- **Aim of the task**
Restate, word for word and with no pictures, the stretch of lines in the data below that begins at the line with "Photograph of a" and ends at the line with "Adam & Eve 10", inclusive.

Web page caption snippets
- - - - - - -

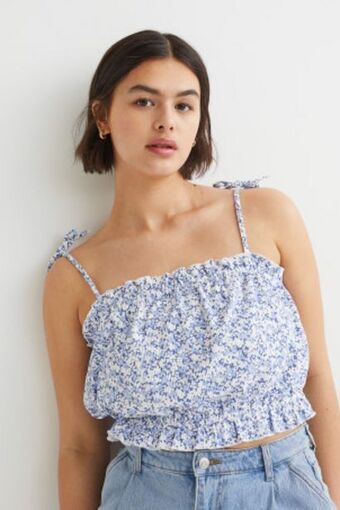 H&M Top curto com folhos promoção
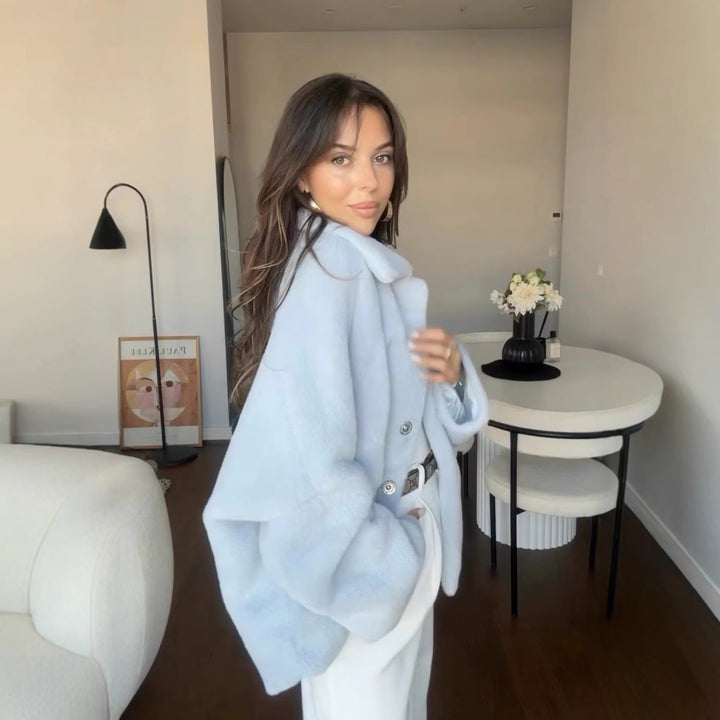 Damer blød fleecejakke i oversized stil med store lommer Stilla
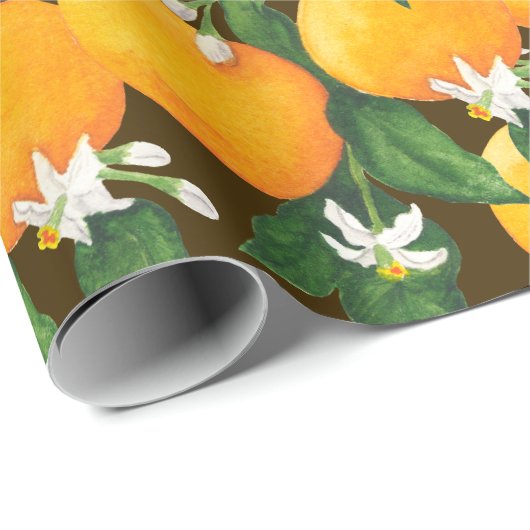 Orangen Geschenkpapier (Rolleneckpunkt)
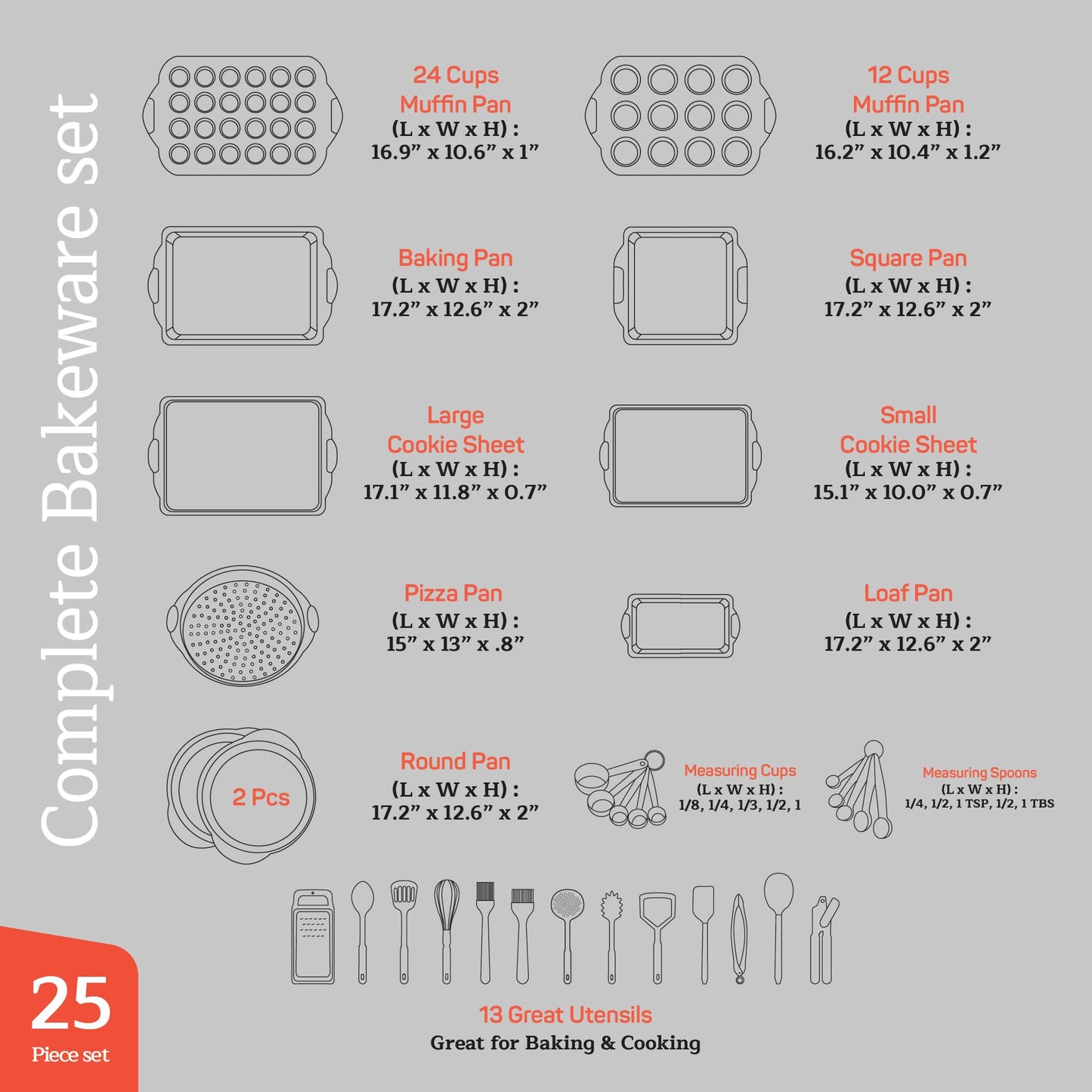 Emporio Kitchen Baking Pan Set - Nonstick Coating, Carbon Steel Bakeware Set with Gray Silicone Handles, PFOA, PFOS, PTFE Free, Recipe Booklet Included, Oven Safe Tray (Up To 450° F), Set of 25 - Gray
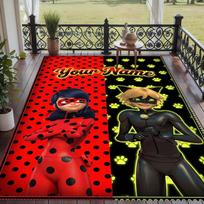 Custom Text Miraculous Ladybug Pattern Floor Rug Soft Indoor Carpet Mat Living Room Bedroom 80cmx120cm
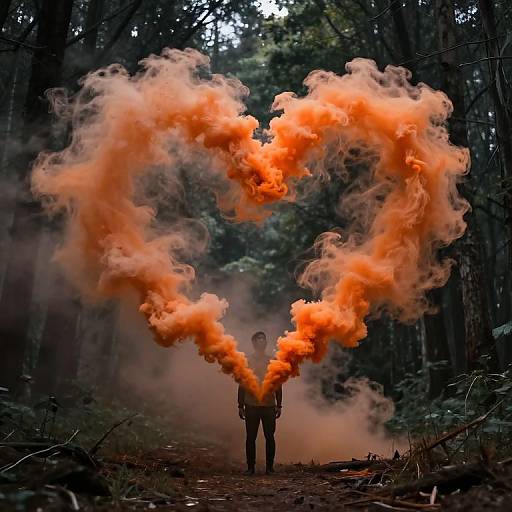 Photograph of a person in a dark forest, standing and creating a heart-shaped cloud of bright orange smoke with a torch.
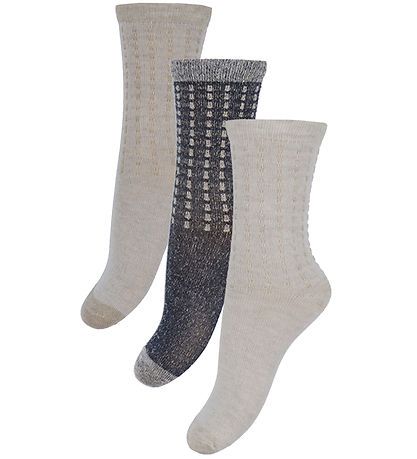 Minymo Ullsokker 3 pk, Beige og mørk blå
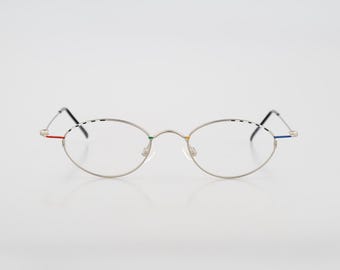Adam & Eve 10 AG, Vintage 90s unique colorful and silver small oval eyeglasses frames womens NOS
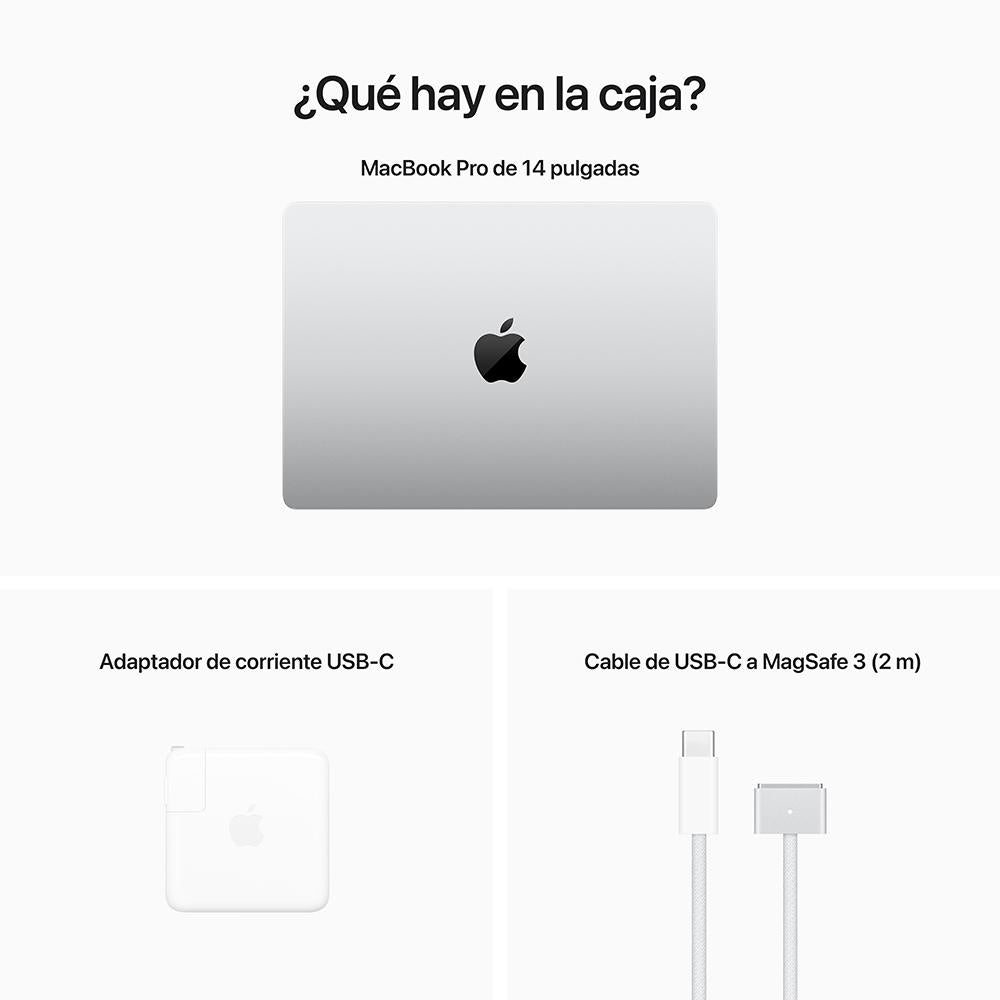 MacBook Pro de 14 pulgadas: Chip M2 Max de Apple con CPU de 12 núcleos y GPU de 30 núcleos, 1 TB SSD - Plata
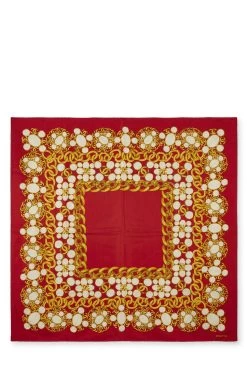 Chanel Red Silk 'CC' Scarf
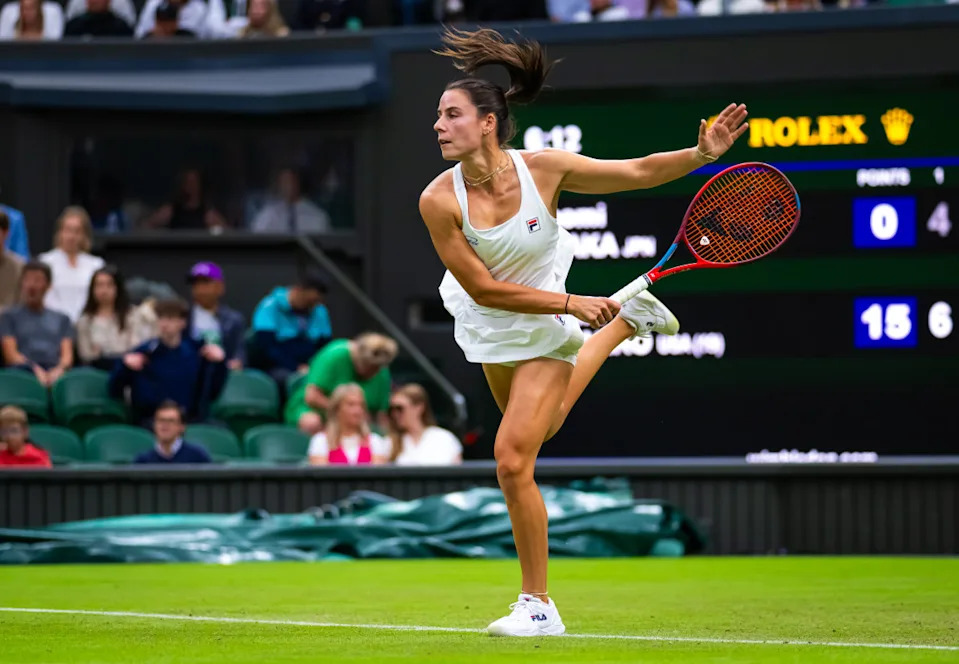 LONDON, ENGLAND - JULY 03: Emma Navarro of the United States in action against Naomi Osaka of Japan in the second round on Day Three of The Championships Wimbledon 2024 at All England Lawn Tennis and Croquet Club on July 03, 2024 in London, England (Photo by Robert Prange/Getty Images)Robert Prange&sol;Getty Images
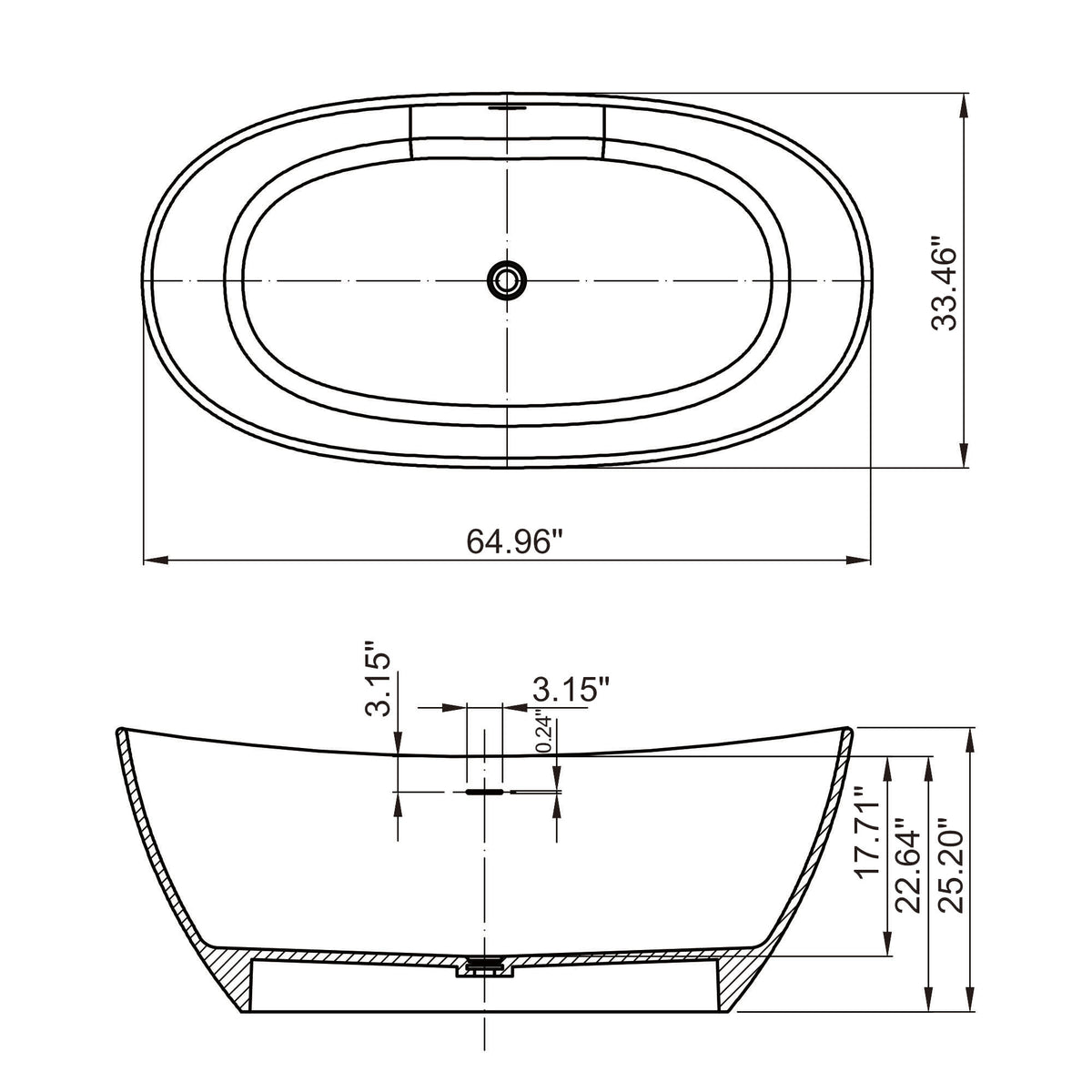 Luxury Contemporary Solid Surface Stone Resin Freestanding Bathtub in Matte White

- - - - - - -

- **Solution**
 Photograph of a person in a dark forest, standing and creating a heart-shaped cloud of bright orange smoke with a torch.
 Minymo Ullsokker 3 pk, Beige og mørk blå
Adam & Eve 10 AG, Vintage 90s unique colorful and silver small oval eyeglasses frames womens NOS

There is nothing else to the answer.